++++ Records supplied
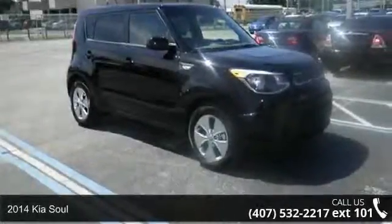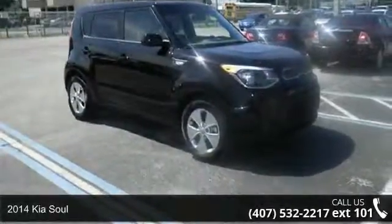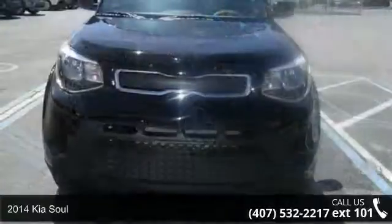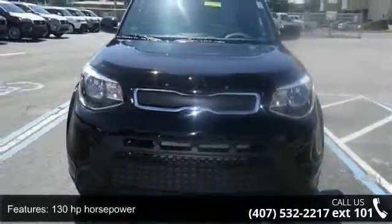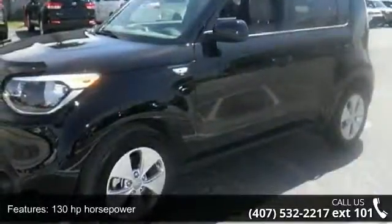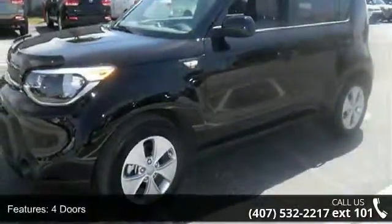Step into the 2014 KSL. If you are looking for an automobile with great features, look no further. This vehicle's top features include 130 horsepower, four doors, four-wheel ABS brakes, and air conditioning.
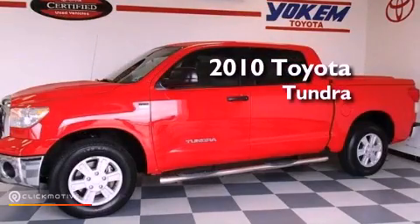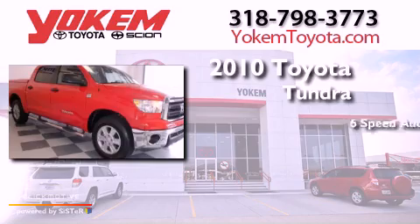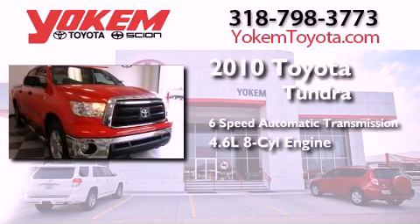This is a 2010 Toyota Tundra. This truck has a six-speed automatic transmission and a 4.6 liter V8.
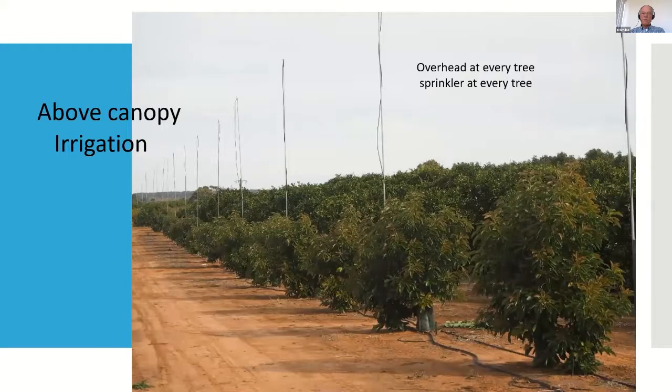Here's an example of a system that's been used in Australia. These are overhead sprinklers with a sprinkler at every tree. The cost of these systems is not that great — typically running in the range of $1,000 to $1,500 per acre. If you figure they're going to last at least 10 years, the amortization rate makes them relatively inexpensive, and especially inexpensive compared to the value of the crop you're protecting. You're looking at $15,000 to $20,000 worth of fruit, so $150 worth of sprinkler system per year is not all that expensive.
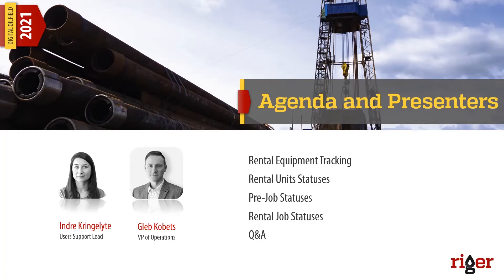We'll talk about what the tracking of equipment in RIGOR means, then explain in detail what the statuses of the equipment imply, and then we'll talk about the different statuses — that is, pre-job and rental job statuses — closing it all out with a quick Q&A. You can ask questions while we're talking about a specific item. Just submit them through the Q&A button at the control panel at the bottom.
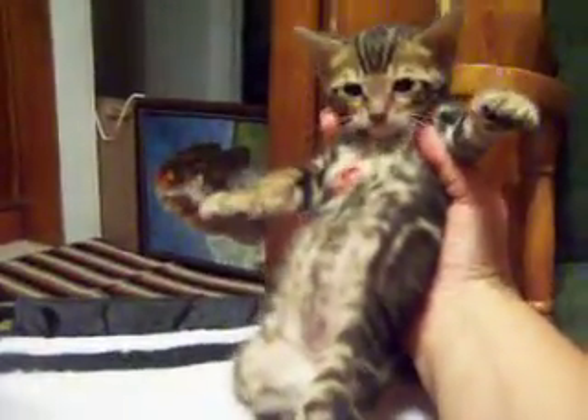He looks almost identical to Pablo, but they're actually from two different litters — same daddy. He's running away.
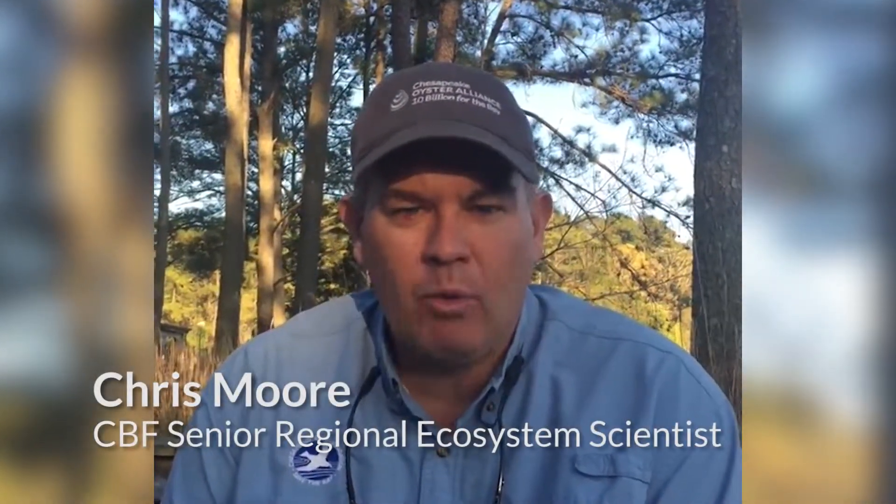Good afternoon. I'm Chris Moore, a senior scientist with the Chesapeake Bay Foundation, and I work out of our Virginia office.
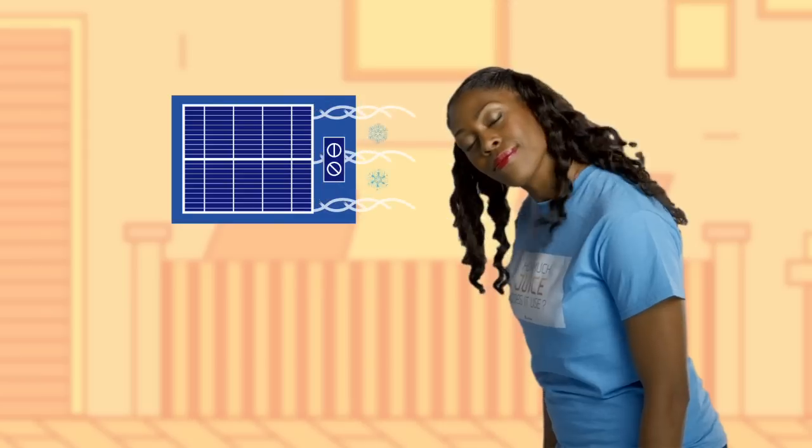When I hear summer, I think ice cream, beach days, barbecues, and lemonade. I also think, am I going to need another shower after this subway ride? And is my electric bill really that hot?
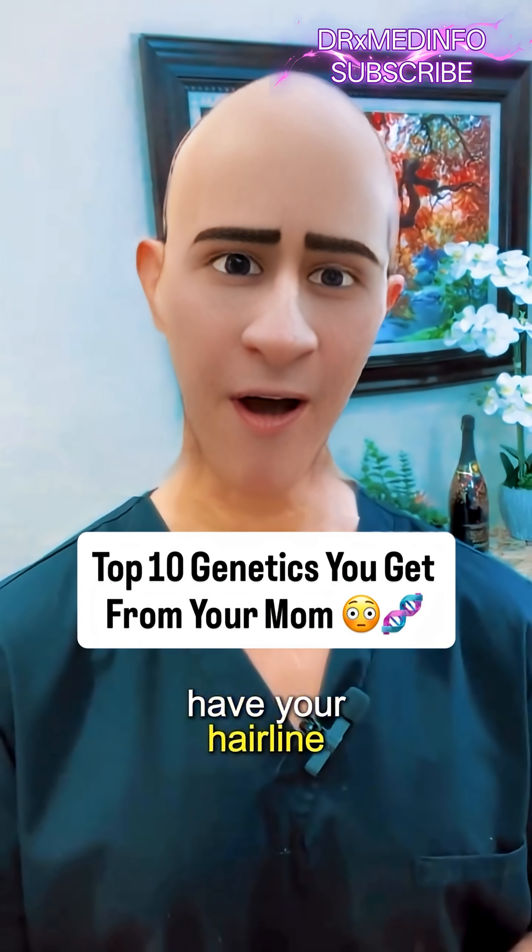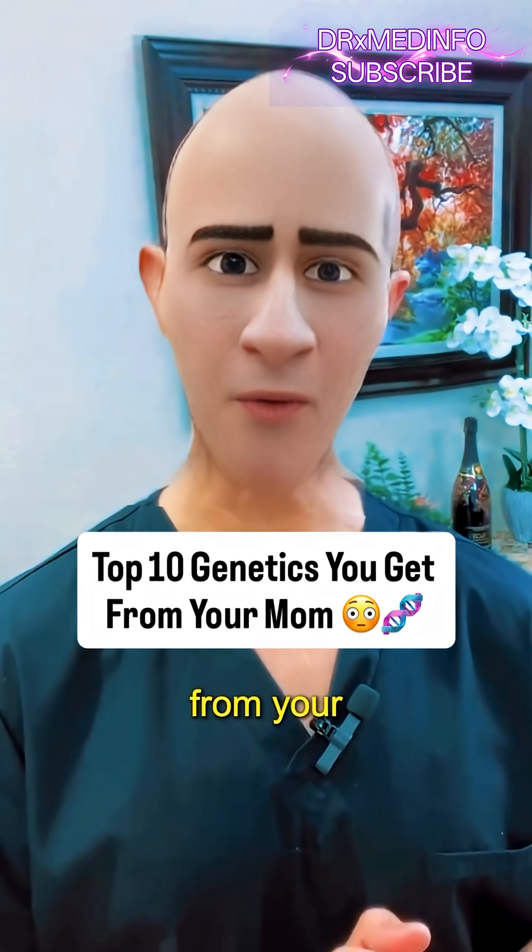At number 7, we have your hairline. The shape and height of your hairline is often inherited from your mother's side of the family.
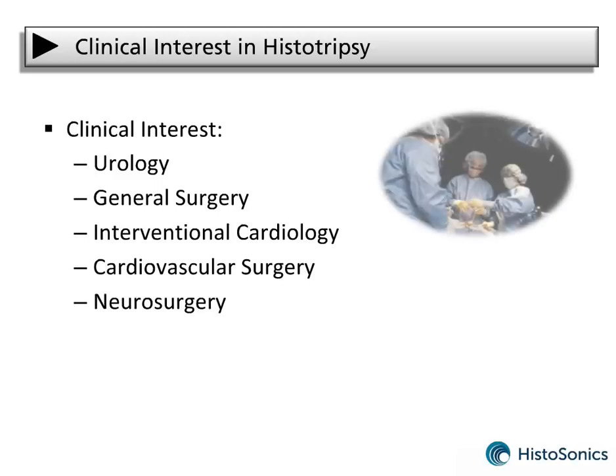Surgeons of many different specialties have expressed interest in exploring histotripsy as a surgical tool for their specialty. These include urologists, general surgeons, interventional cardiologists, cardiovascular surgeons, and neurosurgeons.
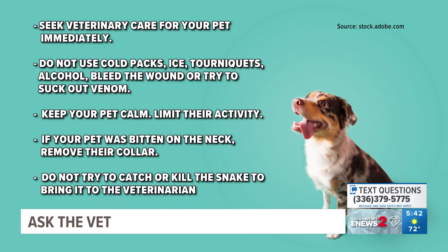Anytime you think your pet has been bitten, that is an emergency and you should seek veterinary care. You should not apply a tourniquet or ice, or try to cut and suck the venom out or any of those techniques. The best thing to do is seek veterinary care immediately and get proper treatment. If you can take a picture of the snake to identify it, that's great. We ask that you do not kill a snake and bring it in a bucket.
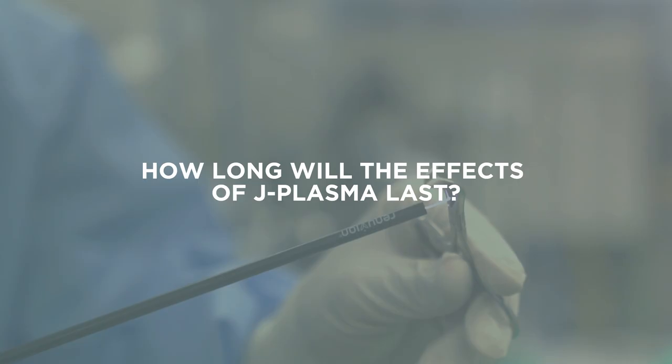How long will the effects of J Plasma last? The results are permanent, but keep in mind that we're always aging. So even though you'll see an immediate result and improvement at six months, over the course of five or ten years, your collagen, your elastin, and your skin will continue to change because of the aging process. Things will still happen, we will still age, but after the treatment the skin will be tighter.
++++++++
Restate the lines above from the one containing "We'll talk about what" through the one containing "Anytime you think", inclusive, exactly and without pictures.

We'll talk about what the tracking of equipment in RIGOR means, then explain in detail what the statuses of the equipment imply, and then we'll talk about the different statuses — that is, pre-job and rental job statuses — closing it all out with a quick Q&A. You can ask questions while we're talking about a specific item. Just submit them through the Q&A button at the control panel at the bottom.
He looks almost identical to Pablo, but they're actually from two different litters — same daddy. He's running away.
Good afternoon. I'm Chris Moore, a senior scientist with the Chesapeake Bay Foundation, and I work out of our Virginia office.
When I hear summer, I think ice cream, beach days, barbecues, and lemonade. I also think, am I going to need another shower after this subway ride? And is my electric bill really that hot?
At number 7, we have your hairline. The shape and height of your hairline is often inherited from your mother's side of the family.
Surgeons of many different specialties have expressed interest in exploring histotripsy as a surgical tool for their specialty. These include urologists, general surgeons, interventional cardiologists, cardiovascular surgeons, and neurosurgeons.
Anytime you think your pet has been bitten, that is an emergency and you should seek veterinary care. You should not apply a tourniquet or ice, or try to cut and suck the venom out or any of those techniques. The best thing to do is seek veterinary care immediately and get proper treatment. If you can take a picture of the snake to identify it, that's great. We ask that you do not kill a snake and bring it in a bucket.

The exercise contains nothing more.